(Data for analysis begins)

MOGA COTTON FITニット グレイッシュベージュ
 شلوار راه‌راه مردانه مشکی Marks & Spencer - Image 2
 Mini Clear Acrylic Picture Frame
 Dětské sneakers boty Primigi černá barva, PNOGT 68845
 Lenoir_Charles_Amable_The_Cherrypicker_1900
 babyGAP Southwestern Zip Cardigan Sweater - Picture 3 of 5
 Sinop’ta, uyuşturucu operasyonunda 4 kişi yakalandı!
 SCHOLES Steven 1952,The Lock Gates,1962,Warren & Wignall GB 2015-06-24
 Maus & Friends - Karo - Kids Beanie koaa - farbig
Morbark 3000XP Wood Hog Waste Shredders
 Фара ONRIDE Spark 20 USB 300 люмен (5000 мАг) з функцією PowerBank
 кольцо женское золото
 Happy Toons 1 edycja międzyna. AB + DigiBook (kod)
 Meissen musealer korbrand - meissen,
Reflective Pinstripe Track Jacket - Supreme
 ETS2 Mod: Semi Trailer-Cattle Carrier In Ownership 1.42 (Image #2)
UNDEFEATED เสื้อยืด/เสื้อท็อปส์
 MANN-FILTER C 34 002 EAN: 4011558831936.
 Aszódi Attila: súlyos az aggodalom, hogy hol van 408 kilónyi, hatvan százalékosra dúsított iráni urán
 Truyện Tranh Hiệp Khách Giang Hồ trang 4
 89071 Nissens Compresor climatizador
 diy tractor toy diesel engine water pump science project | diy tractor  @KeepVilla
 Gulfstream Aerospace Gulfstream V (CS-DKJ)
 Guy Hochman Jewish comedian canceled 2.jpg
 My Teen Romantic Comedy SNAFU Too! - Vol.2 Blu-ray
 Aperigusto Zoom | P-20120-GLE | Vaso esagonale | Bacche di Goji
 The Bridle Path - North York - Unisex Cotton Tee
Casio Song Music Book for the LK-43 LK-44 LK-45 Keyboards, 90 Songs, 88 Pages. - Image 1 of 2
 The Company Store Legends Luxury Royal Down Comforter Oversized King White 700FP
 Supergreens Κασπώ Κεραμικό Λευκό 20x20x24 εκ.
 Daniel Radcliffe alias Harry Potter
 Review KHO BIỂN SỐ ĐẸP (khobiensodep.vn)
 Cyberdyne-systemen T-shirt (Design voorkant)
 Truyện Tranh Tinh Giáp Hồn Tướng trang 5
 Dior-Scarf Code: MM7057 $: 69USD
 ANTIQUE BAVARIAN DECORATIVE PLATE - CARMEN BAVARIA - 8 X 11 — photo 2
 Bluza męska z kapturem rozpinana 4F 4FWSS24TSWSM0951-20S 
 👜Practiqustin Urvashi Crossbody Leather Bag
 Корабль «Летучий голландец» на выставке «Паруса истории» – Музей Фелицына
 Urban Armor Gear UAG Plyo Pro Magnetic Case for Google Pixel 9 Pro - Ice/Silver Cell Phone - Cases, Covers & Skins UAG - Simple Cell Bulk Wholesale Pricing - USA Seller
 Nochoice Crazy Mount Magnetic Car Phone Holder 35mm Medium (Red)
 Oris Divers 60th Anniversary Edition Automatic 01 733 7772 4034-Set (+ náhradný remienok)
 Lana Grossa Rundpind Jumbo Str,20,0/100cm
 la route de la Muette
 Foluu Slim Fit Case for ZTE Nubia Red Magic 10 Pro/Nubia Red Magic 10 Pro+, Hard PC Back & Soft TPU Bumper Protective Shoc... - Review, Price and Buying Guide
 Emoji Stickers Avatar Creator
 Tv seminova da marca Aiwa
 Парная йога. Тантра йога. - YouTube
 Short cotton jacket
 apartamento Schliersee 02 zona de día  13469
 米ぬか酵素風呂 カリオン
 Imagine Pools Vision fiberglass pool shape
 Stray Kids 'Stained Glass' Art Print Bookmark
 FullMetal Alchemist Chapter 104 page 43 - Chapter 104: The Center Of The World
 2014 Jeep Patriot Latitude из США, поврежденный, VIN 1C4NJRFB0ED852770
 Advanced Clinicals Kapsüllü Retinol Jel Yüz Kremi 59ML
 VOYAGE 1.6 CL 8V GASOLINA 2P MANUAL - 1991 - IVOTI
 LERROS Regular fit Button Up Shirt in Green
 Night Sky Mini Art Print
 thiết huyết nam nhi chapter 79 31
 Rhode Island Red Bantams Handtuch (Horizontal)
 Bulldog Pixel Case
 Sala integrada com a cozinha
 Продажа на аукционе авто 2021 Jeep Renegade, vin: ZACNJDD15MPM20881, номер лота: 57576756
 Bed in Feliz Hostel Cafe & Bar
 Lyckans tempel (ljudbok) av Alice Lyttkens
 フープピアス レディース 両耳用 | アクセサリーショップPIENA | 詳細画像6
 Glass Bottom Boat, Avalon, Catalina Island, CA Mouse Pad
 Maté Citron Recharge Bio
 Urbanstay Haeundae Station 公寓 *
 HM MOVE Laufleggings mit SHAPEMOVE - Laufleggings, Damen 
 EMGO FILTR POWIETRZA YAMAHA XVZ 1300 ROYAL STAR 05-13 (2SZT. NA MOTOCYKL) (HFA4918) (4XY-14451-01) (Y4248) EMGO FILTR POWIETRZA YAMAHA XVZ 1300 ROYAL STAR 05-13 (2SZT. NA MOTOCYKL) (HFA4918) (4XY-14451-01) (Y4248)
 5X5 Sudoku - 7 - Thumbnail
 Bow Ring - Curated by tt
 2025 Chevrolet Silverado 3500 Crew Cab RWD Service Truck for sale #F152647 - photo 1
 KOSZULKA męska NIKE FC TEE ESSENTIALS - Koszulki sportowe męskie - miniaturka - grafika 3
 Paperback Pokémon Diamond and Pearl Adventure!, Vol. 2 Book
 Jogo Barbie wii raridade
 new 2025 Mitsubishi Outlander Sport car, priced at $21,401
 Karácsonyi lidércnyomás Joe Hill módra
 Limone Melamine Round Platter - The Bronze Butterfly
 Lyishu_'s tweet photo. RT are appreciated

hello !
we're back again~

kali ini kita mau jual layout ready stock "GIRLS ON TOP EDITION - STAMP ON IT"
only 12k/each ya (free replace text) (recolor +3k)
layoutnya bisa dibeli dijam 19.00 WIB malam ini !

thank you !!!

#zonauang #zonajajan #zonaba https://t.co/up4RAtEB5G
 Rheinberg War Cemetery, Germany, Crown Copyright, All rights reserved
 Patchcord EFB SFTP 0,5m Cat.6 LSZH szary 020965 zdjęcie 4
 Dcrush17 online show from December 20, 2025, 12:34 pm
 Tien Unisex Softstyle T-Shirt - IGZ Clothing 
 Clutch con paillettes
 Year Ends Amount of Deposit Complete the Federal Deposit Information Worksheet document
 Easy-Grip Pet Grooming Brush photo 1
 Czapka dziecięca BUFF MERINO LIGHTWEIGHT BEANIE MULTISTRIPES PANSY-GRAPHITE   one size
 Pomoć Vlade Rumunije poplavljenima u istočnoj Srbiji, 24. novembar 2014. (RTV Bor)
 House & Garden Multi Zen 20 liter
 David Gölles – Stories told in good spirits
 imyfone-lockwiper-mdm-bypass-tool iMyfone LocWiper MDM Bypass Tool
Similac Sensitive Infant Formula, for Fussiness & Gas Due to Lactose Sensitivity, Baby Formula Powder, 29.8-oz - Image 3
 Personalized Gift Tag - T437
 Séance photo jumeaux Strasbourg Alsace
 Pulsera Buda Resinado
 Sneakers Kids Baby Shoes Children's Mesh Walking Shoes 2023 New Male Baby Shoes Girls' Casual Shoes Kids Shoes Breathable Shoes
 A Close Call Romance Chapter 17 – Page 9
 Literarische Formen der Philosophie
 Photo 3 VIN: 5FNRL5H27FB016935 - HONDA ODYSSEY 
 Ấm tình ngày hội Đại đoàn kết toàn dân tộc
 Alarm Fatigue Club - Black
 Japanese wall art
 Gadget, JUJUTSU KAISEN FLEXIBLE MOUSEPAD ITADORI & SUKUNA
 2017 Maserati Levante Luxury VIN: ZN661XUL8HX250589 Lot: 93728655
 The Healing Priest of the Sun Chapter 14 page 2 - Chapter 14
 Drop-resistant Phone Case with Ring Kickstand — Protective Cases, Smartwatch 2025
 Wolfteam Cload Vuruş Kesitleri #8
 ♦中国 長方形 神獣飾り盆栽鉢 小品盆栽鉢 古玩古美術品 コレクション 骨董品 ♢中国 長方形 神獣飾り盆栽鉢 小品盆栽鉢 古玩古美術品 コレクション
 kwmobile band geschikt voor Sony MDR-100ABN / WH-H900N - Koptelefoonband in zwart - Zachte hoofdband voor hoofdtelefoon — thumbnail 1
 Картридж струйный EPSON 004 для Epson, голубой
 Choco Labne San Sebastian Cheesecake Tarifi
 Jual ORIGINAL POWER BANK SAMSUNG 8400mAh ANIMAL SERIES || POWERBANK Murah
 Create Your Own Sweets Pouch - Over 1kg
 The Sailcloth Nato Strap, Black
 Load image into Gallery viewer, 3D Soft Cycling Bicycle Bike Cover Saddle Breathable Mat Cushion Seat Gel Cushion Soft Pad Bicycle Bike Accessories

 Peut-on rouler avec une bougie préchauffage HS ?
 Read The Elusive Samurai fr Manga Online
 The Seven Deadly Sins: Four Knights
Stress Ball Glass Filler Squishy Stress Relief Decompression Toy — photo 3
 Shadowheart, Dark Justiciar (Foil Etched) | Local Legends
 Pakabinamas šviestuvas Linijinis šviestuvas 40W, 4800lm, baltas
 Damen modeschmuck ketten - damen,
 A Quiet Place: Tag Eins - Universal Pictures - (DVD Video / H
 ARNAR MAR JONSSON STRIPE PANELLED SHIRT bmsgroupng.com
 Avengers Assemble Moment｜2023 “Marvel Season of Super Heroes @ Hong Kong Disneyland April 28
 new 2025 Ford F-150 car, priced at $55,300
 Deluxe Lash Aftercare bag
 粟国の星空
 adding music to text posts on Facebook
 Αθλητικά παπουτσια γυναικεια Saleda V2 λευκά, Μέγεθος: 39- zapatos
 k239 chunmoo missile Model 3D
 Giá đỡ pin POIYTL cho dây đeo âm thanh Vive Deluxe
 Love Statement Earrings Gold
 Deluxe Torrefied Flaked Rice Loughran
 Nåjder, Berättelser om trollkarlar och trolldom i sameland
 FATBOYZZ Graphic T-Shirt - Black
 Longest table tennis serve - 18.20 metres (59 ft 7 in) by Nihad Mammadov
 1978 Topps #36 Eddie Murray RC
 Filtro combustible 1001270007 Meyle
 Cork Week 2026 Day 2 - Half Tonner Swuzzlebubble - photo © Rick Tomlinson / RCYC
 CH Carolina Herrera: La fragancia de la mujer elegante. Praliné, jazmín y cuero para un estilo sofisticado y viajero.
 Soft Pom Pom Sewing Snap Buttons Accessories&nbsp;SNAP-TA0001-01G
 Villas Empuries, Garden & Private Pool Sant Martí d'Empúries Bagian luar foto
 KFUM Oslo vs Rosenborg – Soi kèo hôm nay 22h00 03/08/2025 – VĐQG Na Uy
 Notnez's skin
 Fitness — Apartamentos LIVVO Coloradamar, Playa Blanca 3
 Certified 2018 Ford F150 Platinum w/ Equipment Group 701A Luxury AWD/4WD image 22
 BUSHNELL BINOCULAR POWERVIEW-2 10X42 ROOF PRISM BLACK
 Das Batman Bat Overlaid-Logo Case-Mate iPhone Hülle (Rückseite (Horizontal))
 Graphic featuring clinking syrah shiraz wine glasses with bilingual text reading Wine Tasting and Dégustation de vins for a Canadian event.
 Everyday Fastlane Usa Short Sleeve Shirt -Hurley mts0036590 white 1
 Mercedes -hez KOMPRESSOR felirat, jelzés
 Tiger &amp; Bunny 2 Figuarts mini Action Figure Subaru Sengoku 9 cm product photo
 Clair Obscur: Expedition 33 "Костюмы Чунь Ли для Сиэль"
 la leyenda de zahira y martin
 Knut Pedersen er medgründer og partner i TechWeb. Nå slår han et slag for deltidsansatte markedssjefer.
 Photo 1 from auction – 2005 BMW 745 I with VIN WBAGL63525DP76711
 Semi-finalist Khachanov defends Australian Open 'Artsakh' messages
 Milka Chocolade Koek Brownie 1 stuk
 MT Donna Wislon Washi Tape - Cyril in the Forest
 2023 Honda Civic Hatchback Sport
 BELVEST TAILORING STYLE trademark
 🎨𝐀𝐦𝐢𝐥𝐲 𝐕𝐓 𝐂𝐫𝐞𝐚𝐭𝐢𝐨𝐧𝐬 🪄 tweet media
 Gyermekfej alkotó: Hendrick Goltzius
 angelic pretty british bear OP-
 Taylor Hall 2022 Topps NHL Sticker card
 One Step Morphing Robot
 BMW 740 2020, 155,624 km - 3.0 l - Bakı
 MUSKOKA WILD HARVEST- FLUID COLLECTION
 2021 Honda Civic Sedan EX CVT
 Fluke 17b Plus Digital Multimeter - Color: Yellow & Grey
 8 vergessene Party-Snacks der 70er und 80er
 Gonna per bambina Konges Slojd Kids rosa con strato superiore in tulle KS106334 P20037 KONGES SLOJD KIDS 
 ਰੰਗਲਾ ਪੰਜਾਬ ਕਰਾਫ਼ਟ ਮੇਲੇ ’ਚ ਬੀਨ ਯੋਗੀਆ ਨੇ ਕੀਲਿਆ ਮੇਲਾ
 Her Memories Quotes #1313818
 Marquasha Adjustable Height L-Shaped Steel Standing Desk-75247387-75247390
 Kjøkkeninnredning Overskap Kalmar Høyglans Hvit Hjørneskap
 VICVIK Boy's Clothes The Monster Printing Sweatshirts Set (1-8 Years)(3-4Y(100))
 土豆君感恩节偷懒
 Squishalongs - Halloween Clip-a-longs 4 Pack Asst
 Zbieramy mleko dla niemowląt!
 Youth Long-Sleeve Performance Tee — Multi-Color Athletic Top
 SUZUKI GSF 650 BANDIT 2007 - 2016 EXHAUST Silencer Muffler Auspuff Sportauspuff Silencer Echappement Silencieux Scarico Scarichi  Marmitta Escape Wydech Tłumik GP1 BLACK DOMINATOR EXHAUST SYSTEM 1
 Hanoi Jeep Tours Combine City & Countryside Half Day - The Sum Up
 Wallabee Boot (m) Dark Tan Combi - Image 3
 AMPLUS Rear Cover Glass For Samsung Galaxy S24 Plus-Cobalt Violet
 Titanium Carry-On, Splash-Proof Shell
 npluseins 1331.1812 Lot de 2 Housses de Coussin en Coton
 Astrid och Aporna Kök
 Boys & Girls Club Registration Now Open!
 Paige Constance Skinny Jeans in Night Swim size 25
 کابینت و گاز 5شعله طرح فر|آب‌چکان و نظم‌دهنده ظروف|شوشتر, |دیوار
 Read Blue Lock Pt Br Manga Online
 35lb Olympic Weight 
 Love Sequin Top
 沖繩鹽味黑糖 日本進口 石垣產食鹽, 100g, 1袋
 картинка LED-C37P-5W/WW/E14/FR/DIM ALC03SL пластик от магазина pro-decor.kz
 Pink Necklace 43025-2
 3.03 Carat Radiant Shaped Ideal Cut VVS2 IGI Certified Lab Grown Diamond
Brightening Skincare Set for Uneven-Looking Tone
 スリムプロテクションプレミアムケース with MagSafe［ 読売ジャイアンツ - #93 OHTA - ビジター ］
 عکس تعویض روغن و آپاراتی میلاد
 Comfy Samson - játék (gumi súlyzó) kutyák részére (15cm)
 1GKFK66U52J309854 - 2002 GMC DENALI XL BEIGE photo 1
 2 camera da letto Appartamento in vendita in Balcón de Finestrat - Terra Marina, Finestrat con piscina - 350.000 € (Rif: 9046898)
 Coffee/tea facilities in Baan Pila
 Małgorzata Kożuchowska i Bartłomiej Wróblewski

(Data for analysis ends)

◆ Task brief:
The lines above that hold the word "from" should be found and copied out.

◆ Answer space:
 Dcrush17 online show from December 20, 2025, 12:34 pm
 Photo 1 from auction – 2005 BMW 745 I with VIN WBAGL63525DP76711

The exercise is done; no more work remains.